Es wird darum gehen müssen, neue Wege zu eröffnen, die sicher sind für die Betroffenen und die die Interessen der Menschen selbst, der Herkunfts- wie der Aufnahmestaaten, berücksichtigen. Derzeit werden Migrantinnen und Migranten häufig als Ressource für die Arbeitsmärkte der OECD-Staaten gesehen, die die vorhandenen Lücken füllen sollen – nach den Bedürfnissen der aufnehmenden Länder. Gleichzeitig werden dadurch Lücken gerissen in den Arbeitsmärkten und gesellschaftlichen
Systemen der Herkunftsländer.

Angesichts von Prognosen, dass sich die Bevölkerung mancher europäischen Länder in den nächsten 80 Jahren fast halbieren könnte und zugleich stark altern wird, sind die Herausforderungen groß und der Bedarf an Migration, etwa im Pflege- und Gesundheitsbereich, absehbar. Es kann dabei aber nicht einseitig um die Bedarfe der aufnehmenden Staaten gehen. Es wird ein System brauchen, das die Ausbildungskosten der Migrierenden mitberücksichtigt und gewährleistet, dass Wissen und Arbeitskraft nicht ohne Gegenleistung abwandern. Der Verweis auf Finanztransfers durch Migrantinnen und Migranten in ihre Heimatländer greift dabei viel zu kurz, da dies private und freiwillige Überweisungen sind, die man nicht ohne Weiteres in die Kosten-Nutzen-Abwägungen übernehmen kann.

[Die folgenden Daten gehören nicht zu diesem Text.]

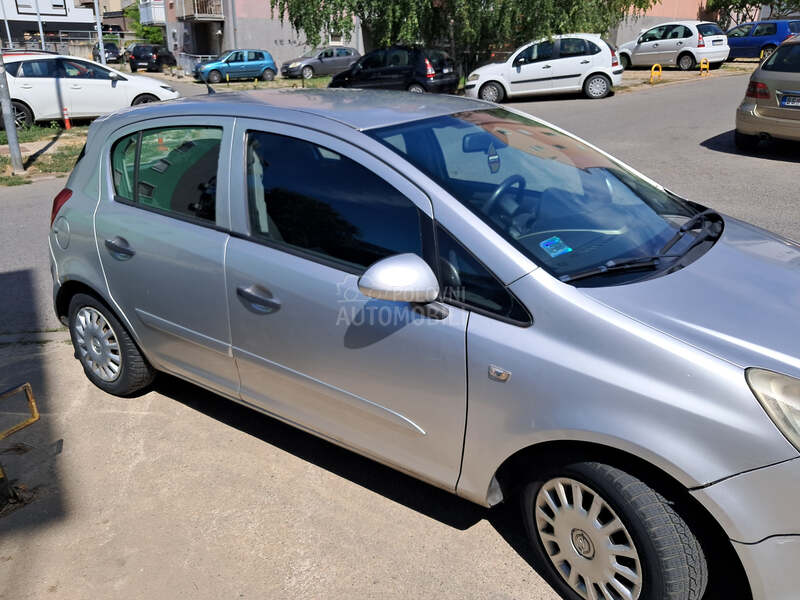 Opel Corsa D 1.2 b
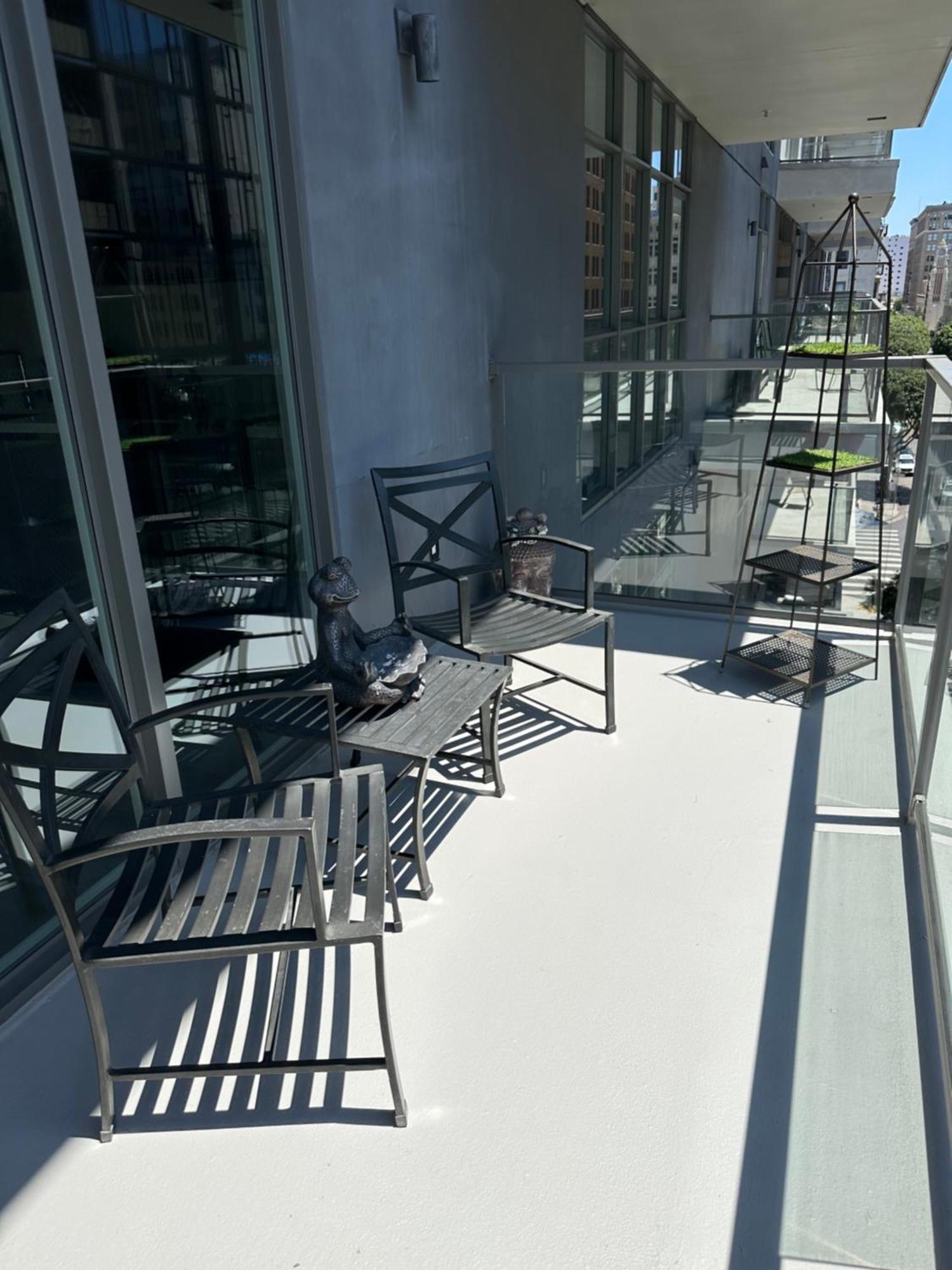 Luxury 2br Located Dtla * Los Angeles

Es wird sehr darauf ankommen, wie Arbeitsmigration und Anwerbung vor Ort fair und gerecht gestaltet werden können. Bisher zeigt sich, dass legale Migration vor allem dort ermöglicht wird, wo die aufnehmenden Staaten ein starkes Eigeninteresse haben.
Unser Lebensstil und unsere Interessen in Europa bestimmen also darüber mit, welche Menschen einen Zugang zu diesem Kontinent und in den hiesigen Arbeitsmarkt haben. Das mag in Teilen politisch nachvollziehbar sein; zugleich besteht die Gefahr von neokolonialen Abhängigkeitsstrukturen und einem eurozentristischen Wirtschafts- und Entwicklungssystem.

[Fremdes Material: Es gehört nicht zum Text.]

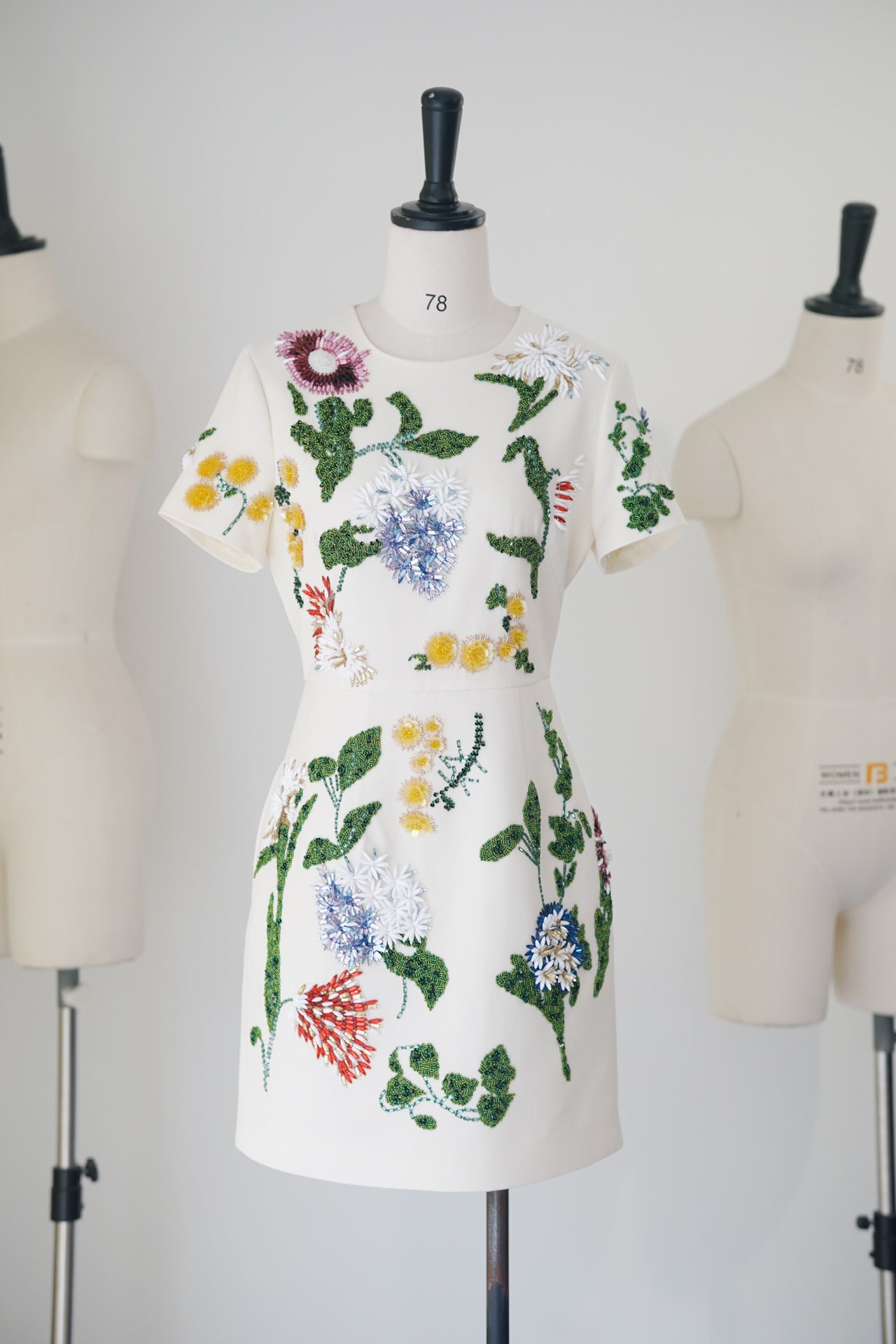 Spring/Summer 24 Rhinestone Flower Embroidery Silk Wool Dress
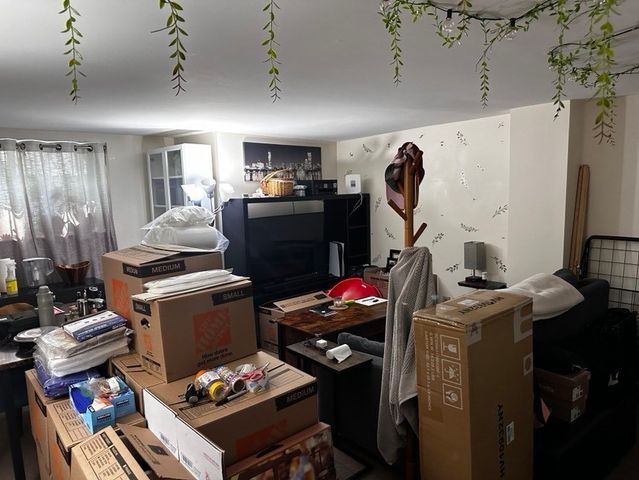 34 Kinross 1, Boston, MA 02135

Migration als Chance für Herkunfts-, Transit- und Industriestaaten gestalten

Es braucht einen globaleren Blick auf Migration, der an die Wurzeln unseres Wachstumsmodells und unseres Lebensstils geht. Migration wird nach wie vor zu oft als Einbahnstraße zugunsten der Industriestaaten verstanden mit einem gönnerhaften Verhältnis den Migrierenden gegenüber. Es gilt, aus der rein deutschen Perspektive herauszutreten und das gesamte Feld mit den Herkunfts- und Transitstaaten gemeinsam zu betrachten, vor allem aber müssen dort die Betroffenen selbst in den Mittelpunkt gestellt und gehört werden – ebenso wie die Zivilgesellschaft.

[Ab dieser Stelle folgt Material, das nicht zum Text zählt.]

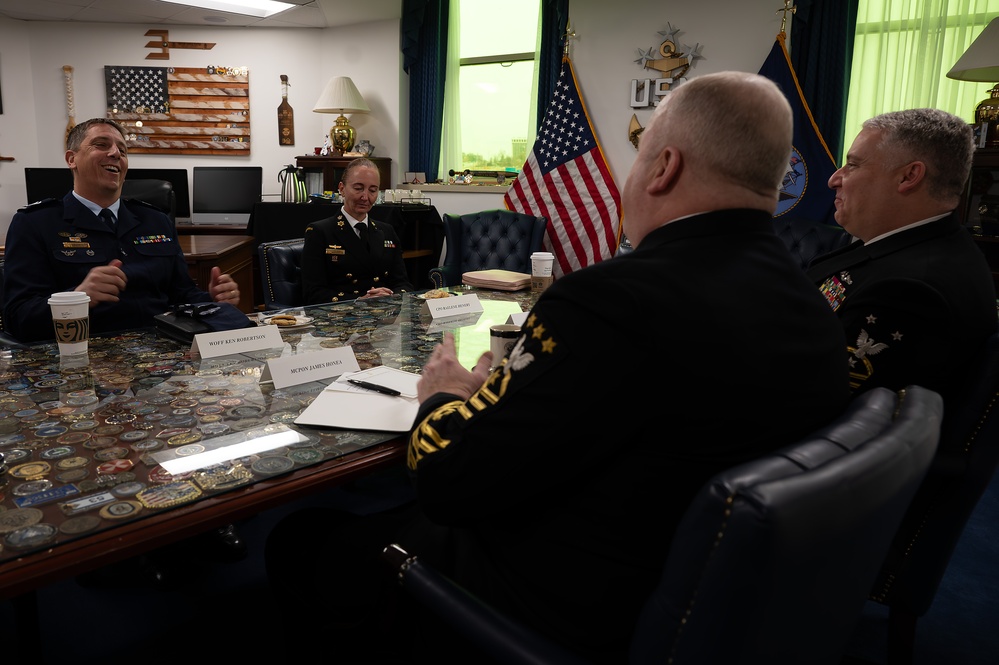 Australian Senior Enlisted Advisor to the Chief of Defence Force Visits MCPON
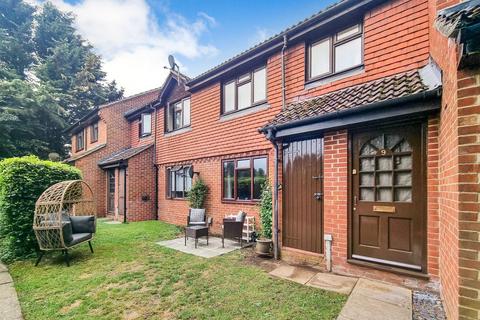 1 bedroom maisonette for sale, Britten Close, Guildford GU12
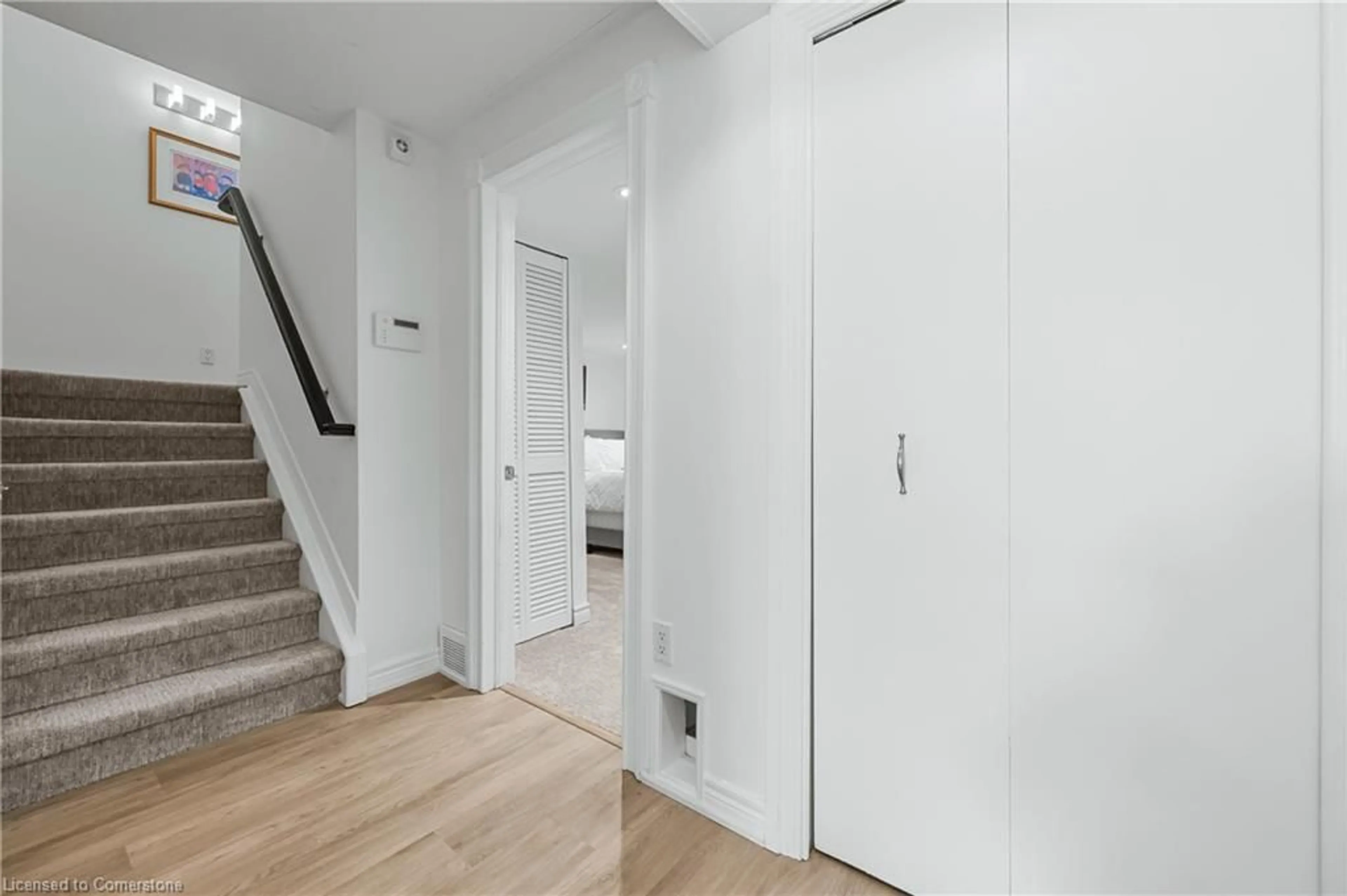 Indoor entryway for 301 Carlow Rd #18, Port Stanley Ontario N5L 1B7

Ob in den Tagen von New York, ob an den beschriebenen fast vergessenen Orten, ob in den Hauptstädten der Welt, Migration wird letztlich nicht nur durch das gesteuert, was man Migrationspolitik nennt, sondern wohl noch stärker durch die notwendigen Transformationsprozesse, die vor uns liegen – eine sozialökologische Wende, die unseren Lebenswandel ernsthaft infrage stellt und strukturell Wirtschafts- und Wachstumsmodelle verändert. Es wird mehr Wertschöpfung in den Ländern des Globalen Südens brauchen und einen ernsthafteren Dialog über Migration als Chance für alle Seiten. In New York ist dieser Aufbruch wohl eher ausgeblieben.
Ziel bleibt: Anerkennung, Achtsamkeit und Wertschätzung verschiedener Lebenswelten, die die Erde zu einem gemeinsamen Haus machen, zu einem Ort des Zusammenlebens vieler Kulturen und unterschiedlicher Erfahrungen.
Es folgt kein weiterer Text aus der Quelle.